I repeated this round-group-sort process for silver and bronze medals.

This resulted in some countries being ranked above other countries with higher numbers of projected gold medals. For example, I projected Hungary for 5.4 gold medals and 5.3 silver medals, but I ranked Poland over them with 5.3 gold medals and 5.9 silver medals. The logic behind this is that these countries were likely to tie in terms of total gold medals, and given that they were likely to be tied, I wanted to rank the country with more silver medals higher.

Final Results#

After watching the medal tables with baited breath, I managed to come out on top with the best Kendall’s tau!

Forecaster	Rank	Tau
John Edwards	1	0.599
mohamed	2	0.564
OlymPicks	3	0.548
Hammers_O’Callaghan	4	0.542
ALEC	5	0.538
fa2410	6	0.536
AJM	7	0.533
ChristopherWharton	8	0.531
JKH	9	0.512
Orla_S	10	0.510
KaitoGoto	11	0.508
JoePenn	13	0.507
JohnDSouza	13	0.507
JPN2020	14	0.506
HarrySnart	15	0.499
WilliamBowers	16	0.494
LexieB	17	0.493
ANIK	18	0.485
Rank_Deficient	19	0.479
WeatherQuant	20	0.458
Kizmet24	21	0.426
tghaynes	22	0.395
Everyone_is_(equally)_awesome	23	0.000

I suspect that the differentiating factor here for my submission was my work structuring the contest and navigating the tiebreaker logic. As I mentioned before, I made some mistakes with my modeling work, and I suspect that the event-level predictions were somewhat underfit.

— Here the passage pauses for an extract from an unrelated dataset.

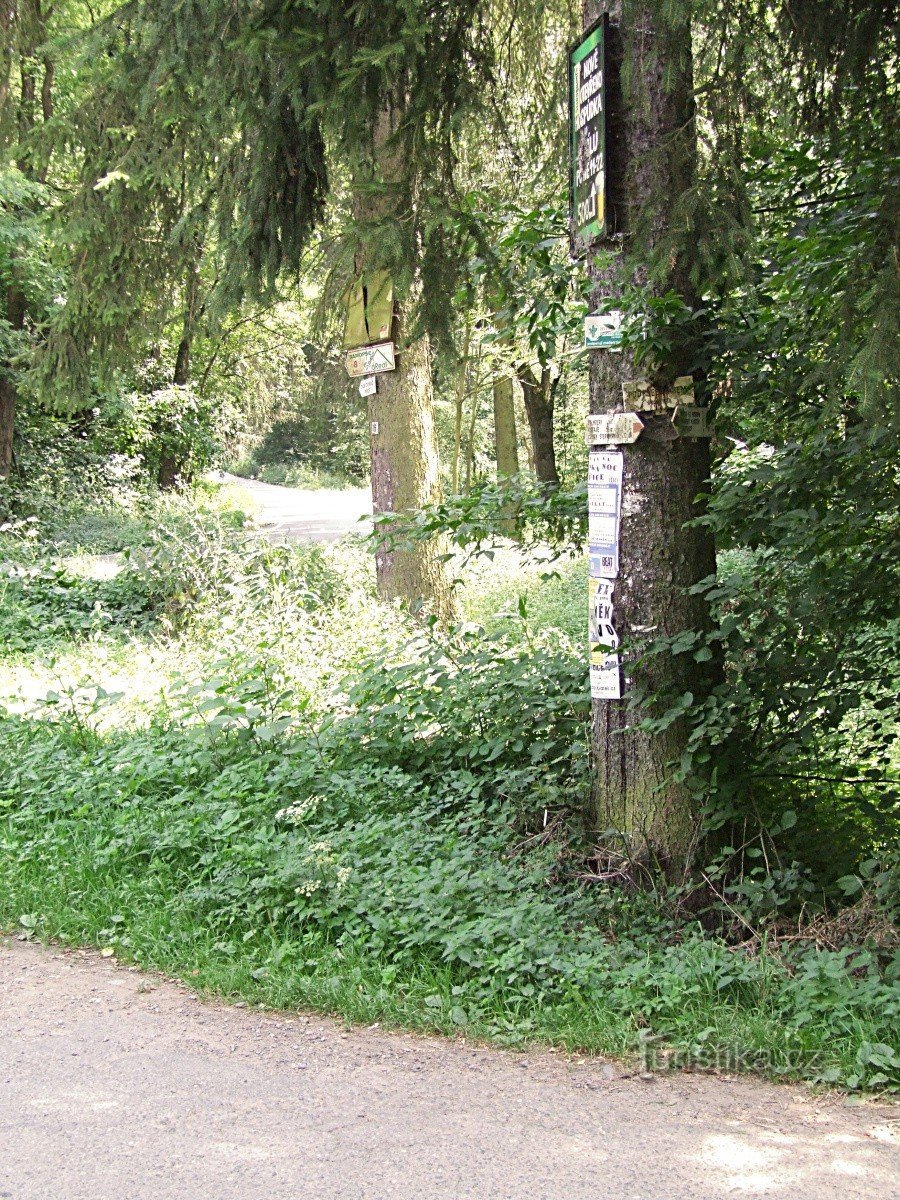 Signpost under Jestřábem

Still, I was pretty pleased with my predictions. I felt like my biggest takeaway was the impact of the work I did to ensure my predictions were well-calibrated and captured the structure of Olympic events. I felt that doing a good amount of research and pulling in the individual events and participants yielded better results than if I had simply taken past Olympic medal tables and fed them into a model.

A big thank you to Ben Powell for running this competition! I’m looking forward to the next Olympics and perhaps another go-round where I remember that a country can take home more than one medal at some events!